Craeg K StrongCTOSavant Financial Technologies, Inc. d/b/a Ariel Partnersschedule 2 years ago
Sold Out!45 Mins
Case Study
Beginner
Is it possible to deliver software improvements faster and with better quality in a highly regulated environment? What if the organization only uses off-the-shelf commercial packages like SAP rather than custom software? Oh, and much of the team is still learning the ropes? And by the way, our business users are unavailable during monthly and quarterly close, and to top it all off whole divisions go off-line for weeks or months at a time during refinery “turnaround” events? How can we improve cycle times, if it sometimes takes us months just to figure out how to design a solution for a single request?
In this session, we will examine a case study at an energy company that needed to increase their speed of delivery and their level of quality, while at the same time controlling costs. They started to adopt Kanban a year ago, by visualizing their waterfall process on a board and holding a daily stand-up. However, cycle times were still unacceptably long, and the board did not change much day-by-day. Worse, the business was getting more impatient and the backlog of urgent requests was growing longer. The team was ready to take the next step and deepen their kanban implementation.

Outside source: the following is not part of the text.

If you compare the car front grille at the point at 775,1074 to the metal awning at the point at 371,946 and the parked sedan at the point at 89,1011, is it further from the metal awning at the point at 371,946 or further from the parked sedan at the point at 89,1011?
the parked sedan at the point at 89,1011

We will examine a number of improvements that were made and the impact of each one of them. Larger work items were broken down into user stories, enabling progress to be tracked at a more granular level and helping the team to break down difficult problems into smaller, bite-sized chunks. Defects were captured individually on the board so large items did not appear to “stall” for no reason. Time-boxed “Spikes” could be created to capture efforts required to identify alternatives and reduce risk in design or implementation. The kanban boards went through multiple iterations as we updated them to better reflect our new process.
Hand-in-hand with these improvements came training and practice. How do we create properly formed user stories? When is it appropriate to create a Spike? How can we make process policies explicit—especially the Definition of Ready and Definition of Done?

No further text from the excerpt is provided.